Since childhood, I have had a weight problem. Carrying extra weight was physically limiting, as most anyone can understand. What is lost is the emotional and spiritual toll this can have on a person. I know firsthand what long term damage obesity can have upon a person. I am not looking for sympathy or to change hearts. The hands of time cannot be reversed and I am not looking to expose former things. This is an exploration of discovery to help me step into my future. By losing 175 pounds in the last 3 years, I have brought a new discipline to my physical health through understanding how I got heavy and how to lose weight. In the same manner I am looking to bring a new discipline and understanding to how my obesity has affected my personality and how that too can change as a part of the new me.
School years are difficult for everybody. We all have our easy buttons, some are just easier. My weight was the easy target by classmates and adults alike. Sometimes you’d lash out – like the time I threw over a classmate’s desk in seventh grade after he led several students in imitating me “bouncing” around the room. But more often you’d say nothing because there was really nothing you could do. Like the time a teacher commented that a group of students needed to “get their little behinds out of the gym.” I guess she just wanted to convey accuracy when I passed by and she clarified, “or not so little.” Sporting events were always enjoyable – I was regularly serenaded with songs from the Fat Boys and was actually called a beached whale after diving out of bounds to save a basketball (adult spectator at the local Catholic high school). Consider dating and courting and you can imagine how my weight impacted me in that arena as well. I’m glad I didn’t have a nickel for every time I’ve been told what a great guy I am, but… I’d have probably used the money to buy fast food.

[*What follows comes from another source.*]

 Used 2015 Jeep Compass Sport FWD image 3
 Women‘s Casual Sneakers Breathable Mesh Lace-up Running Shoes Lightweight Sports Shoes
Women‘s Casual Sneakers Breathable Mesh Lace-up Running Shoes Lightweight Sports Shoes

My usual response was to ignore it; to act like I didn’t hear it, but I did. I heard every comment, every snicker, every insult. They not only hit my ears, but they stayed with me and became the basis of how I viewed myself. Over time, I simply became synonymous with my size. This was a coping mechanism – it was much easier to accept it than fight it or change. I had lost the hope that I would ever change, that anything would be or could be different. I simply masked my frustration and tried my best to hide my size to the world.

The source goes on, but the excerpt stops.